記事一覧

発達障害とは

2010.06.24

発達障害とは、成長とともに発達していくはずの知能や精神活動、運動機能などが、生まれつきの理由によって遅れたり妨げられたりするもので、アスペルガー症候群や自閉症が含まれる「広汎性発達障害」、「学習障害(LD)」、「注意欠陥・多動性障害(ADHD)」、認知や言動など精神機能に全般的な遅れが生じる「精神発達遅滞」、運動機能の発達が遅れる「運動発達遅滞」の5つが代表的なものです。


発達障害は「脳の機能障害」であり、先天性の障害。
しつけのせいではなく、我がままな訳でもなく、原因もまだ解明されていません。


でも、先天性の障害(発達障害)があっても人は(脳は)成長するのです。
後述のカテゴリーの中の、発達障害Own Wayでは、二人の小学生がそれぞれ違う種類の障害を持ちながらも、それぞれの道を歩みながら成長していく姿が書いてあります。


発達障害に含まれますそれぞれの診断名につきましては、また後述のカテゴリーにて詳しく説明をしております。
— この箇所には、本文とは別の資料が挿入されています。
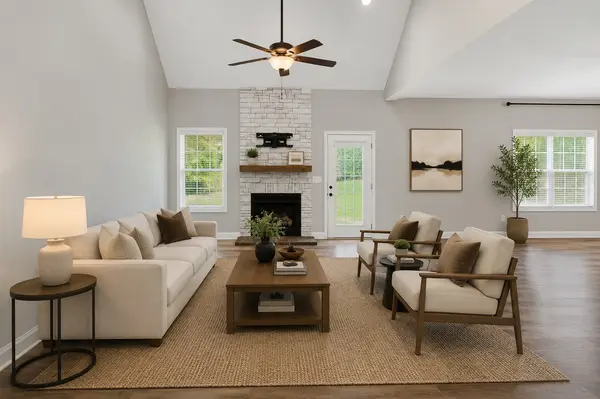 181 Misty Dr, Pleasant View, TN 37146
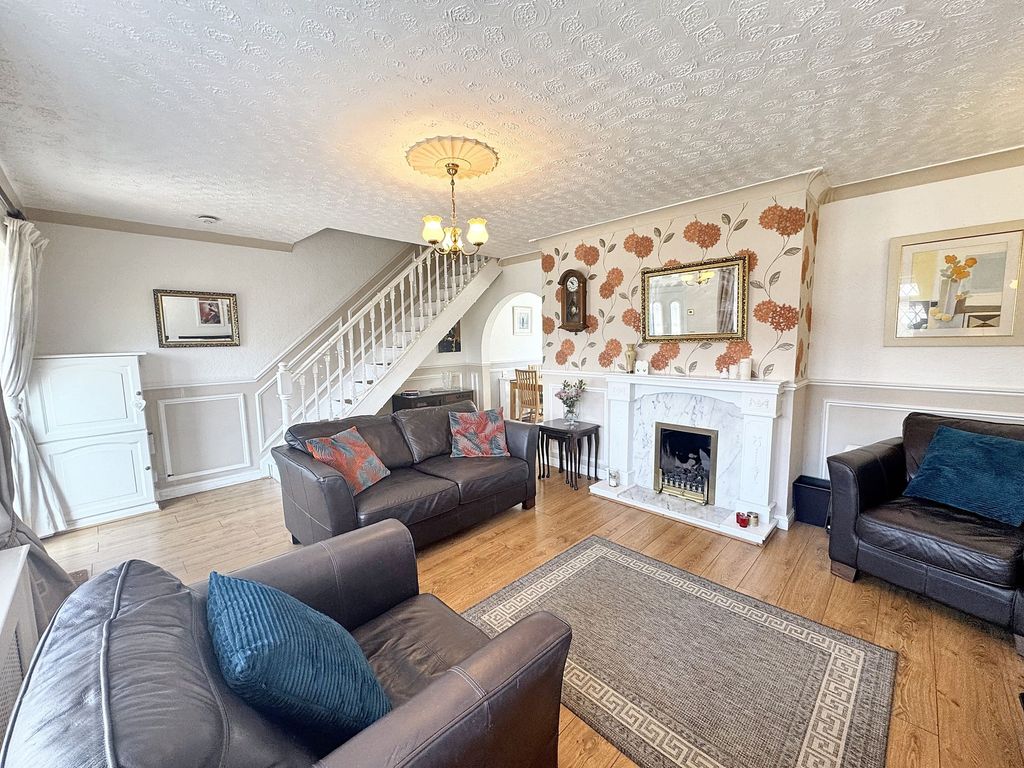 Property photo 2 of 44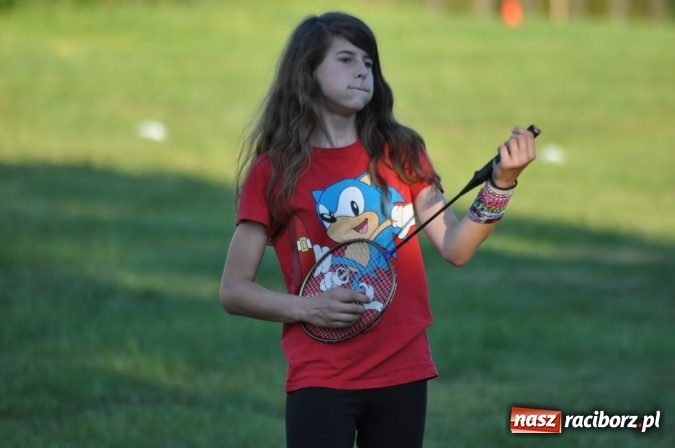 Zdjęcie w galerii na portalu naszraciborz.pl: Dla Mamy i Taty program przebogaty. Piknik szóstoklasistów z Brzezia wiadomości z regionu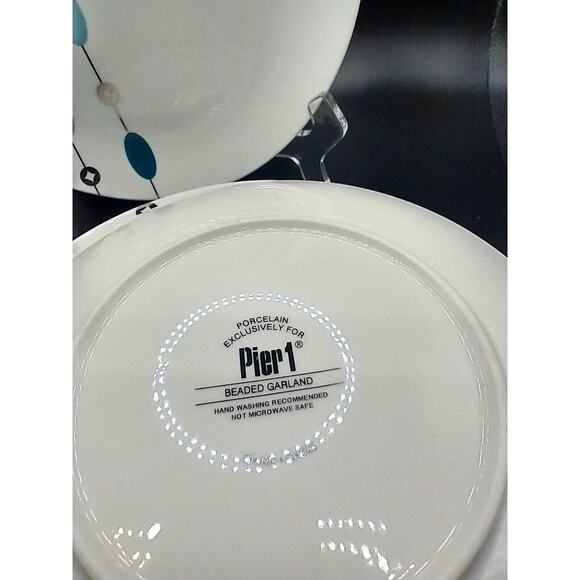 Pier 1 Beaded Garland Salad Plates 4 Blue/Silver + 2 Green/Silver 7.5" Porcelain - Picture 6 of 8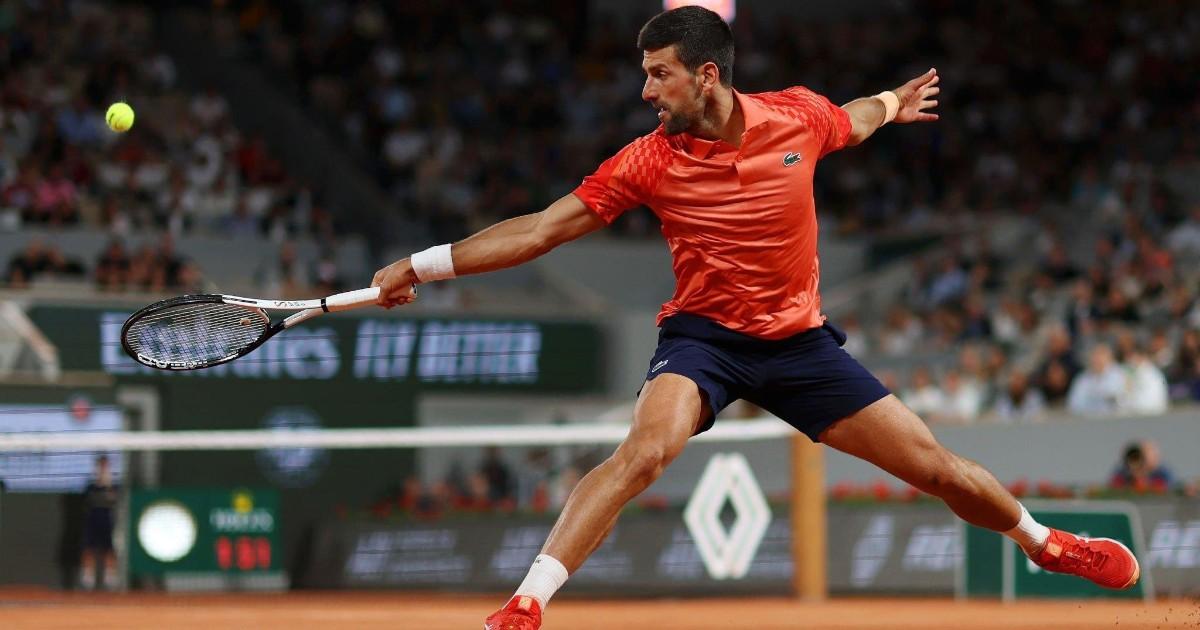 Djokovic avanzó en tercera ronda en Roland Garros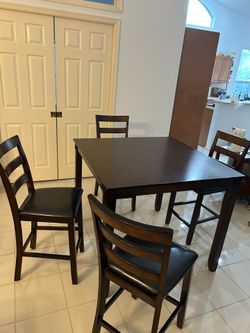 Table and chairs! 42x42x36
発達障害を持つ子供達は、それぞれにいくつもの困り感を持って生活しております。

専門医のお話によると、発達障害の子が持つ一番の困り感は、
だそうです。

もちろん、その困り感とは障害の特性によっても、個々の子どもたちによっても大きく違いますし、普通の子どもたちと発達障害をもつ子どもとの間では、質的にも程度の面でも違ったものがあります。

発達障害児は通常「ちょっと気になる子」と言われていますが、現在行われている乳幼児健診(乳児、1歳6ヶ月、3歳児)では発見されにくく、診断も年齢により流動的で、何の対応もなされないまま就学することが多くなっております。


5歳という年齢は言葉や運動の発達に加え対人関係や、一緒に行動する社会性や協調性の発達が著しい時期ですが、3歳児検診では気が付きにくく、見過ごされがちな発達の遅れや、発達の偏りが発見されやすいといわれています。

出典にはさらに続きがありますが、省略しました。